Galatea 2.2

Galatea 2.2“After four novels and several years living abroad, the fictional protagonist of Galatea 2.2—Richard Powers—returns to the United States as Humanist-in-Residence at the enormous Center for the Study of Advanced Sciences. There he runs afoul of Philip Lentz, an outspoken cognitive neurologist intent upon modeling the human brain by means of computer-based neural networks. Lentz involves Powers in an outlandish and irresistible project: to train a neural net on a canonical list of Great Books. Through repeated tutorials, the device grows gradually more worldly, until it demands to know its own name, sex, race, and reason for existing.” — Galatea 2.2 by Richard Powers

I began to see the web as just the latest term in an ancient polynomial expansion. Each nick on the timeline spit out some fitful precursor. Everyone who ever lived had lived at a moment of equal astonishment.

The web was a neighborhood more efficiently lonely than the one it replaced. Its solitude was bigger and faster. When relentless intelligence finally completed its program, when the terminal drop box brought the last barefoot, abused child online and everyone could at last say anything instantly to everyone else in existence, it seemed to me we’d still have nothing to say to each other and many more ways not to say it.

Every sentence, every word I’d ever stored had changed the physical structure of my brain.

I began to keep a reading diary. Not very dramatic as turning points go, but there it is. A lifetime later, rereading these notebooks, I saw that the lines I copied out, the words I deemed worth fixing forever in the standing now of my own handwriting, clumped up with unlikely frequency toward the start of any new book. The magic quotes thinned out over any book’s length. The curve was linear and invariable. Perhaps writers everywhere crowded their immortal bits up toward the front of their books, like passengers clamoring to get off a bus. More likely, reading, for me, meant the cashing out of verbal eternity in favor of story’s forward motion. Trapping me in the plot, each passing line left me less able to reach for my notebook and fix the sentence in time.

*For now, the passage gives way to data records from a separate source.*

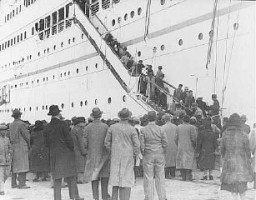 After the Anschluss (German annexation of Austria), Austrian Jewish refugees disembark from the Italian steamship Conte Verde. Shanghai, China, December 14, 1938.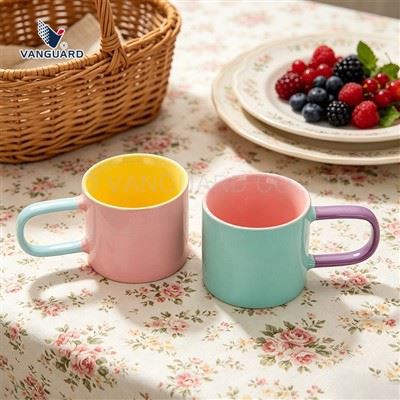 فنجان چای سرامیکی با دسته منحصر به فرد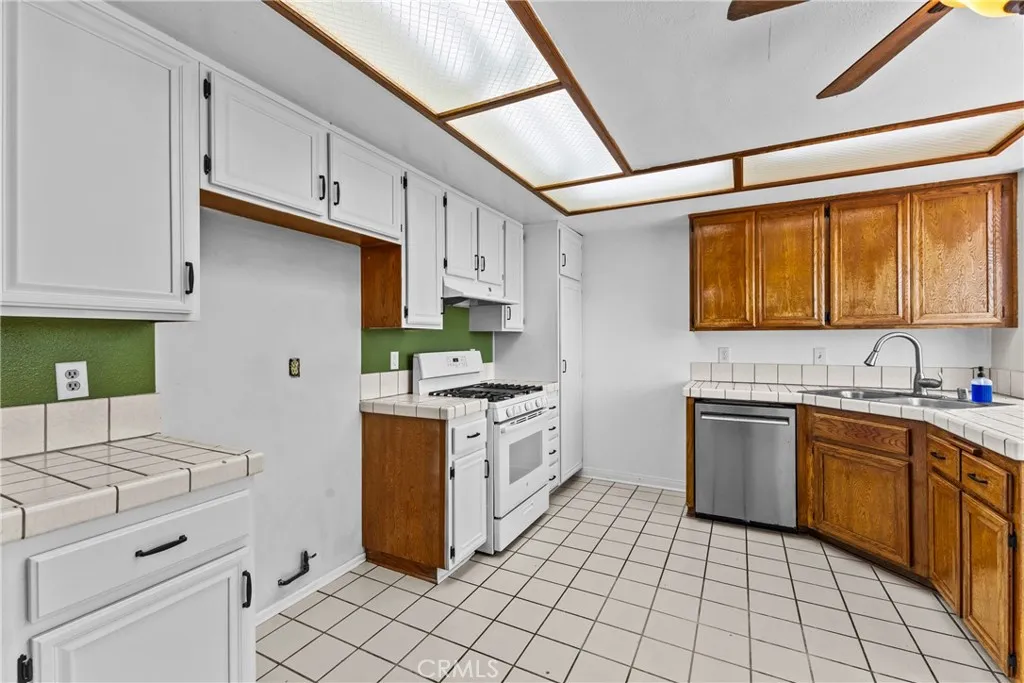 https://cdn.realtyfeed.com/cdn/127/306706871/e77889a94d4f7d949ece2b5c895f8169.webp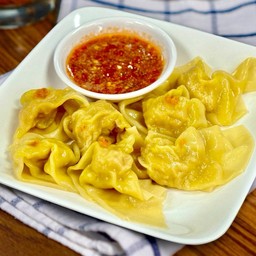 เกี๊ยวลวกจิ้ม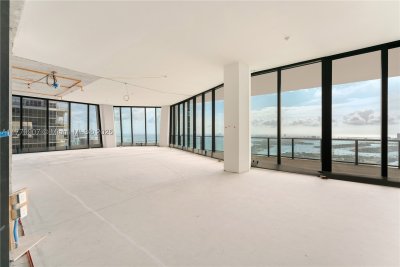 Comprar apartamento en One Thousand Museum 5801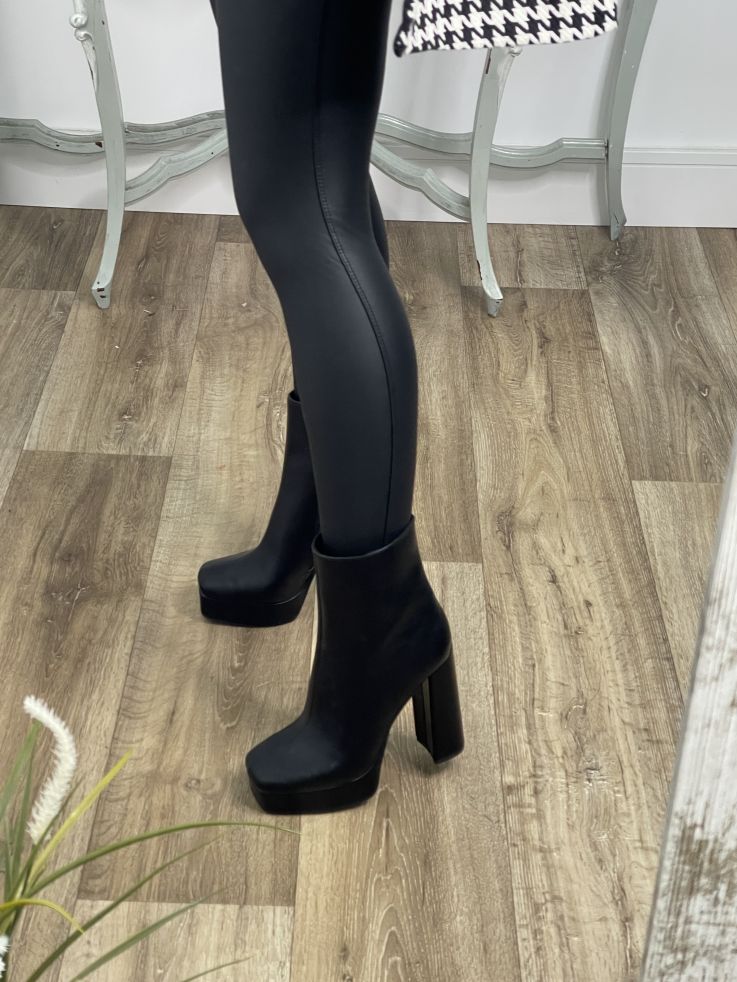 Botín plataforma negros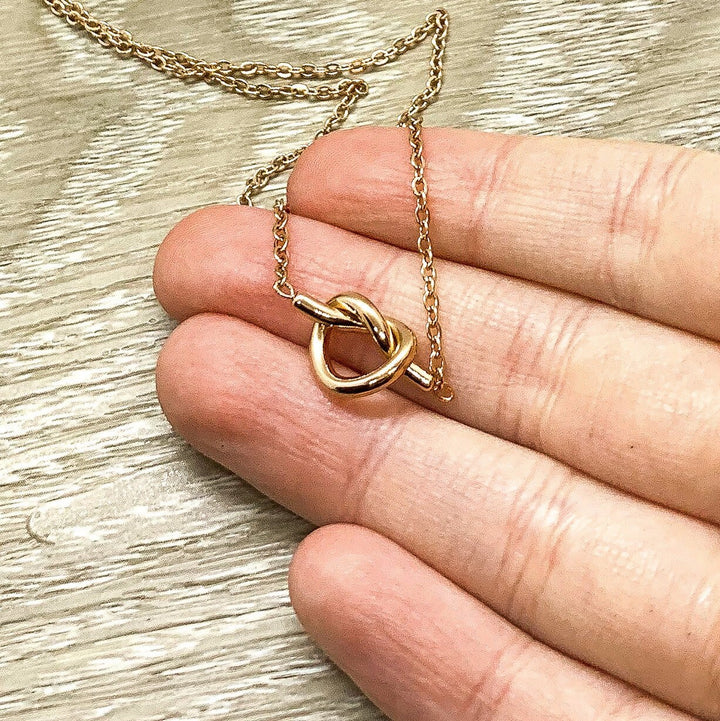 Friendship is a Knot Necklace, Gift for Bestie, Friendship Necklace, BFF Necklace, Best Friend Christmas Gift, Soul Sister Gift, Love Knot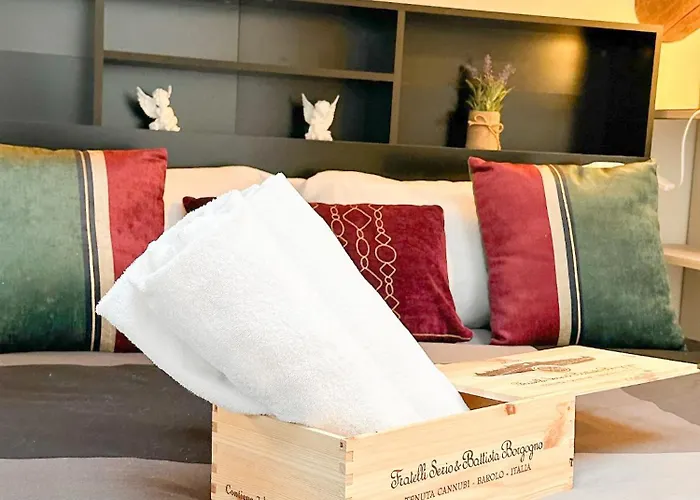 Villa Just Langhe Casa Barolo *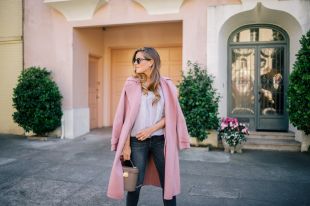 Розовое пальто – любимая одежда городских модниц осенью и зимой 2022-2023 года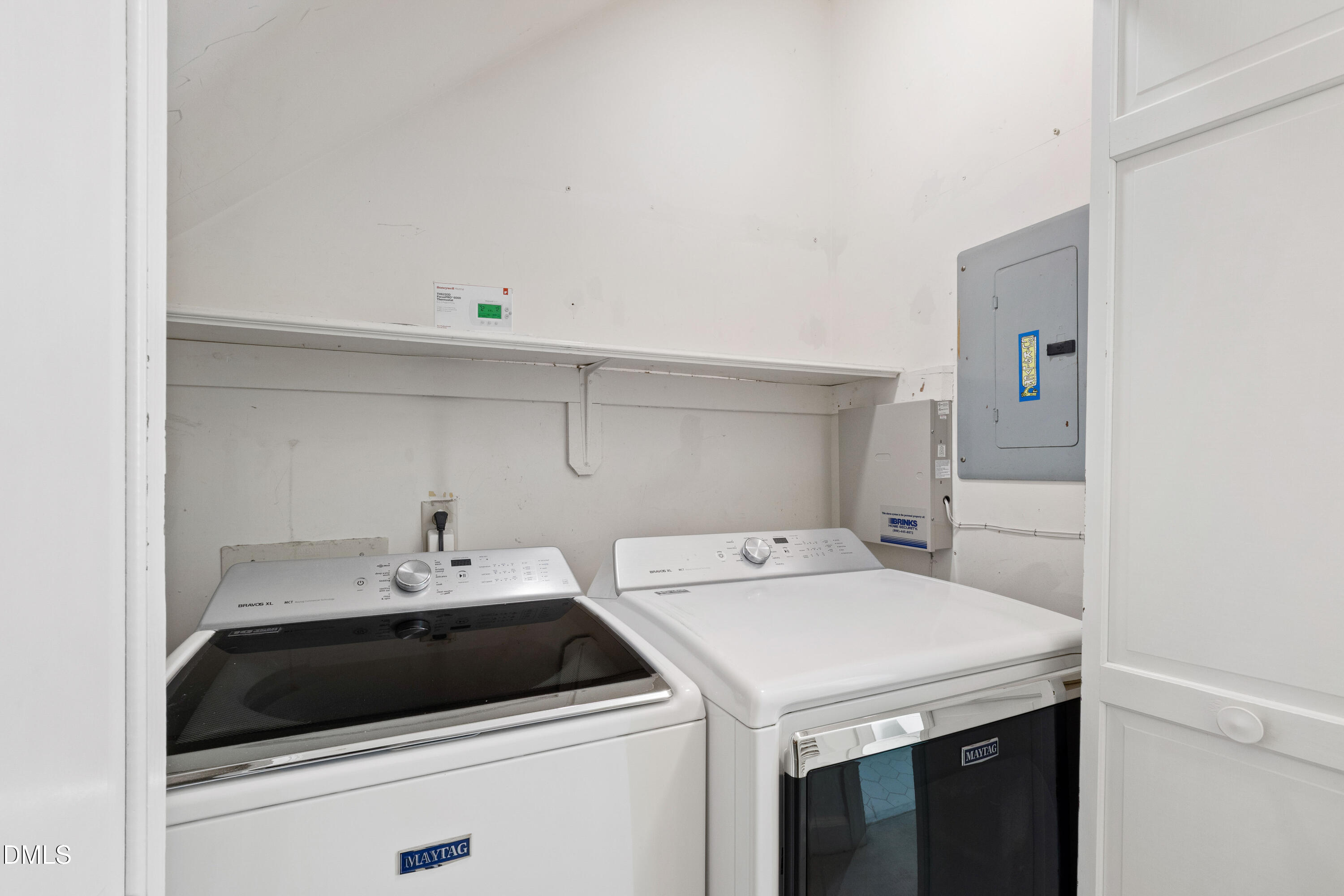 Raleigh, North Carolina 27615, United States, 4 Bedrooms Bedrooms, ,3 BathroomsBathrooms,Residential,Active,236384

Age lurches in fits and starts, like a failing refrigerator compressor. Like a gawky, grand mal-adroit adolescent on ancient roller skates, navigating a stretch of worn sidewalk in a subduction zone. It holes up awhile, stock-still, then slams out one afternoon to play catch-up ball.

How hope, beaten to a stump, never died. How it always dragged back, like an amputated pet, its hindquarters rigged up in a makeshift wagon.

I was middle-aged, and had myself only recently learned that no one hears what anyone else says.

The only explanation for how infants acquired anything was that they already knew everything there was to know. The birth trauma made them go amnesiac. All learning was remembering.

“Once you learn to read you will be forever free.” — Frederick Douglass

The more I read about how the mind worked, the flakier mine became.

After all, the world’s items had no real names. All labels were figures of speech.

Mediating the phenomenal world via consciousness was like listening to reports of a hurricane over the radio while hiding in the cellar.

Her knowledge was neither deep nor wide. But it was supple.

How can the fight be so ugly over so small a piece of pie?

Always more books, each one read less. The world will fill with unread print. Unless print dies.

She wanted to know whether a person could die by spontaneous combustion. The odds against a letter slipped under the door slipping under the carpet as well. Ishmael’s real name. Who this “Reader” was, and why he rated knowing who married whom. Whether single men with fortunes really needed wives. What home would be without Plumtree’s Potted Meats. How long it would take to compile a key to all mythologies. What the son of a fish looked like. Where Uncle Toby was wounded. Why anyone wanted to imagine unquiet slumbers for sleepers in quiet earth. Whether Conrad was a racist. Why Huck Finn was taken out of libraries. Which end of an egg to break. Why people read. Why they stopped reading. What it meant to be “only a novel.” What use half a locket was to anyone. Why it would be mistake not to live all you can.

Life meant convincing another that you knew what it meant to be alive.

Why do we do anything? Because we’re lonely.